Críticas:
The difficulties of dealing with a subject which is so elusive and complex have not prevented the author from giving us a truly important work, rich in ideas, and with a bibliographic framework of remarkable breadth and accuracy, which encompasses the whole European perspective ... (Michaela Valente, Bruniana & Campanelliana Anno XII)
Anglo succeeds in bringing order to a period of European thought which selects as its spokesman, both positive and negative, Machiavelli. (Michaela Valente, Bruniana & Campanelliana Anno XII)
Sydney Anglo, with his customary verve, humour, scholarship, and stamina, takes the reader in search of Machiavelli ... A vivid and thorough summary of the various ways in which Machiavelli was read... (Diego Zancani, TLS)
Machiavelli - The First Century is [also] a celebration of the greatness of one individual who not only got his own century talking, but the following ones as well. (Diego Zancani, TLS)
The weightiest treatment yet to appear in English of the reception of Machiavelli's works (The English Historical Review)
Anglo has written a profoundly learned and complex book, but one that provides a hugely impressive argument for the difficulty, as well as the importance, of doing the history of ideas properly and explaining Machiavelli's legacy effectively. (Political Studies)

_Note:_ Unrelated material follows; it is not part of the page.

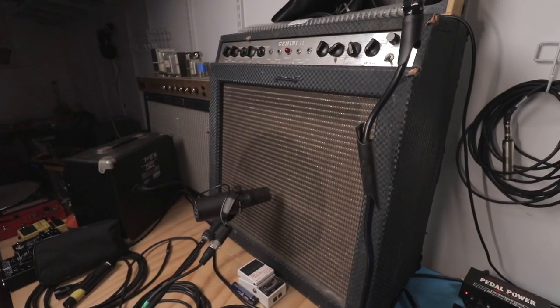Today on Exploring Limitations, I'm going to show you how to use an amplifier to go from this tone to this tone.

Sydney Anglo raises the whole question of Machiavelli and his 'influence' to a totally new level. His arguments are powerful and persuasive. (Keith Thomas)
The first feeling one has when approaching this big book is...one of great admiration (Marco Formisano, Renaissance Studies)

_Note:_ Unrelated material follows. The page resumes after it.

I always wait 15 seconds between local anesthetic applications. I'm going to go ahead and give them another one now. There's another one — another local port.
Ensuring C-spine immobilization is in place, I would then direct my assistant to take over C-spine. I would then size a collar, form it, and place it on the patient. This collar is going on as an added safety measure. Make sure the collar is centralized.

This is a very impressive book. (N.W. Bawcutt, Modern Language Review, 102.1)
Reseña del editor:
Between 1513 and 1525 Niccolò Machiavelli wrote a series of works dealing with political, military, and historical matters. One of these (the 'Arte della guerra') was published in 1521, but the rest of his major writings were not published until 1531-2, nearly five years after his death. They continued to be reissued regularly, well into the early seventeenth century. The popularity of Machiavelli's books, the variety of his themes, the different contexts within which he was studied, the range of readers' interests, and the fact that his name entered the vocabulary of every European language - all make his early reception a fruitful field of enquiry. Historians of ideas have tended to tidy up the past in order to make it comprehensible but Sydney Anglo is concerned with heterogeneity, and with the often irrational and emotional aspects of sixteenth-century thought. Basing his research entirely upon primary sources he quotes extensively in the conviction that, in a battle of words, the words themselves and their tone convey more than summaries of intellectual abstractions.

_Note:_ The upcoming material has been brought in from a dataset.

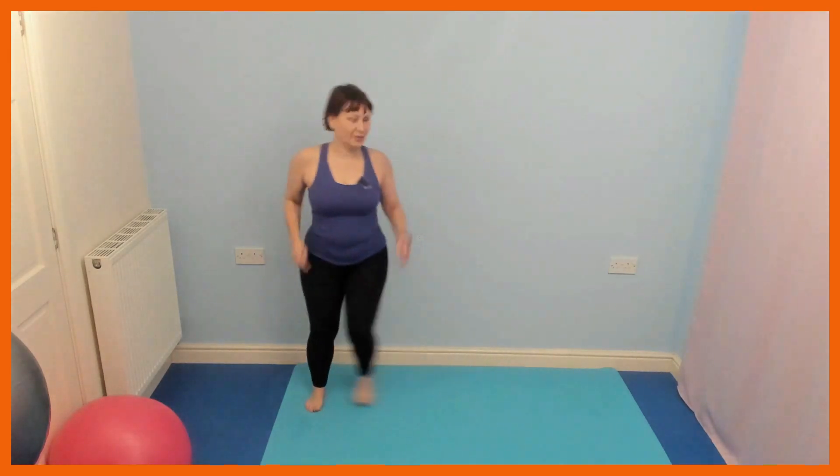Hold it here. Singles. Double. Single. Well done. Double. Single. Single, single.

Authors - hostile, enthusiastic, and indifferent - are closely examined; and many different contexts, political and intellectual, are considered. Sometimes Machiavelli was influential, sometimes not, but in this history of his reception, silences often prove significant. Written in a lively and trenchant style, this new interpretation of the impact of Machievalli is an original contribution of high quality by a leading expert in the field of Renaissance studies.